Coded Language Is Part of Our Racist Education System

Schooled is a series by Zach Schermele, a freshman at Columbia University, that explores the nuances of the American education system.
A studentled march against racism
Richard Lautens

During her tenure at a school district in North Carolina, Jess Johnson left teacher workshops “disgusted” by the implications of certain words used by education professionals to describe students of color.

“I regularly attended professional development sessions where white leaders would praise ‘grit’ while failing to acknowledge the unique challenges that students of color face,” the former English teacher told Teen Vogue. “Grit, for my students, came with a cost. My students experienced trauma, housing and food insecurity, gun and gang violence, lack of education, and poverty.”

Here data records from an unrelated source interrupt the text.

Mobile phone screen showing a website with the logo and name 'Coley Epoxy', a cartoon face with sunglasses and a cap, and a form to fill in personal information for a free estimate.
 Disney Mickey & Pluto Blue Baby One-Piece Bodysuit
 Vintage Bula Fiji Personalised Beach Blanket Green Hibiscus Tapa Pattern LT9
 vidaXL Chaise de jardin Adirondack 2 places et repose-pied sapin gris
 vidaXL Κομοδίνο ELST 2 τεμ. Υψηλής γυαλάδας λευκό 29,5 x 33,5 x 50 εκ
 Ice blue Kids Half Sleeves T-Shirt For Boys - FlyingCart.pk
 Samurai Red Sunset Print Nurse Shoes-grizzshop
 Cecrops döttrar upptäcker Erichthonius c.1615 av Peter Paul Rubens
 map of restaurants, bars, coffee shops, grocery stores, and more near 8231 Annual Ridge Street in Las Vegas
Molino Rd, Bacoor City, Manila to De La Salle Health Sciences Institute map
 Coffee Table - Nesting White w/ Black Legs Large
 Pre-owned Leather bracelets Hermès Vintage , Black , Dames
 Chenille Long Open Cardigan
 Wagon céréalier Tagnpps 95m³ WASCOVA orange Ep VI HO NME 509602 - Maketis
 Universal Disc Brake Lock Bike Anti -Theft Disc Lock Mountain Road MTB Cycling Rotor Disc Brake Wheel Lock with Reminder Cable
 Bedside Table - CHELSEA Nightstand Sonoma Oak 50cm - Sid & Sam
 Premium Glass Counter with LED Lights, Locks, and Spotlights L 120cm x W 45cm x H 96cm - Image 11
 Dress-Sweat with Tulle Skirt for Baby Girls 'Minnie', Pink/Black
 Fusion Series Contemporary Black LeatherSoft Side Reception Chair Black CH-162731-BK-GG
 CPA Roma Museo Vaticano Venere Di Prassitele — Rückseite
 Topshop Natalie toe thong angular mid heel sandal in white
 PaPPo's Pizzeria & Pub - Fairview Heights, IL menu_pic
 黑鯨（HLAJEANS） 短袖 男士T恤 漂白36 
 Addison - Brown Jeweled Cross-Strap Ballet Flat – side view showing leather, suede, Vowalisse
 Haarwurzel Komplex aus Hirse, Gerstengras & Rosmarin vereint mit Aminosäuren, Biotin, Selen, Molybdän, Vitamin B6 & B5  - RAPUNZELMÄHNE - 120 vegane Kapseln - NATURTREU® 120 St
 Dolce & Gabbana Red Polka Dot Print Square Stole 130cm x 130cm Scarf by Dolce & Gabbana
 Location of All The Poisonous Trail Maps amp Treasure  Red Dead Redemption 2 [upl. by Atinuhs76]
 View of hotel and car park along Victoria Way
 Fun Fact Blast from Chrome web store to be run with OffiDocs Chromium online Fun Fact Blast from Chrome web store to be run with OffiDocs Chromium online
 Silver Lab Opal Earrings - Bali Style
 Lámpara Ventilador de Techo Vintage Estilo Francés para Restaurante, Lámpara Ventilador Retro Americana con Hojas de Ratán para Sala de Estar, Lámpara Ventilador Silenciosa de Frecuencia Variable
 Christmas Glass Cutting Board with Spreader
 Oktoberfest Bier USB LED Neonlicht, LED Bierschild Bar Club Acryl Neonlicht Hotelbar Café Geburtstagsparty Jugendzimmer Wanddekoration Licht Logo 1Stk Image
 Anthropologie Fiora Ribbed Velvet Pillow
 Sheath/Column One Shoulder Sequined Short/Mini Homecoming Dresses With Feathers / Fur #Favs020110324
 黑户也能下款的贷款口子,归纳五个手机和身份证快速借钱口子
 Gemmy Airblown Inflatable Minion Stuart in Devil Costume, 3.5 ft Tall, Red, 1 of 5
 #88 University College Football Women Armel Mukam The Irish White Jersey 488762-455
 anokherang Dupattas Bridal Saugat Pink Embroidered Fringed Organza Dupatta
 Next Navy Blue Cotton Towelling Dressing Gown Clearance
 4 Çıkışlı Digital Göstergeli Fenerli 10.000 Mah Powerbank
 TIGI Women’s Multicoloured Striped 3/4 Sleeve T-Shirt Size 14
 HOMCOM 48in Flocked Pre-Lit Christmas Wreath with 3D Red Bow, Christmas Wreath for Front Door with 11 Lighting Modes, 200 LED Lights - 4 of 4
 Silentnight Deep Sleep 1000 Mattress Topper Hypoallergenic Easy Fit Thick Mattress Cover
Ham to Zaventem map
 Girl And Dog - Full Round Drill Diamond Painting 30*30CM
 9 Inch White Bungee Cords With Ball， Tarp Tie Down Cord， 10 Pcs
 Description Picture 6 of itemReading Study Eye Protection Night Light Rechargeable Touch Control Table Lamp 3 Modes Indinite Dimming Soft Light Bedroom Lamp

According to some education activists, grit, a recently popularized term in the college admissions process, is one of many examples of what they see as the coded language of education. Coded language, as defined by the National Education Association (NEA), is language that “substitut[es] terms describing racial identity with seemingly race-neutral terms that disguise explicit and/or implicit racial animus.” In practice, the concept is nuanced and subtle; for some educators, it’s an umbrella term for rhetorically placing value on the traits of marginalized students without understanding the challenges that gave rise to those traits. Class Trouble, a group of progressive educators, counts terms like college ready, achievement gap, and at-risk youth as similarly problematic. Grit, in their words, is just a way of “saying a child survived the conditions of white supremacy, anti-Blackness, and capitalism without having to name those systems of oppression directly.”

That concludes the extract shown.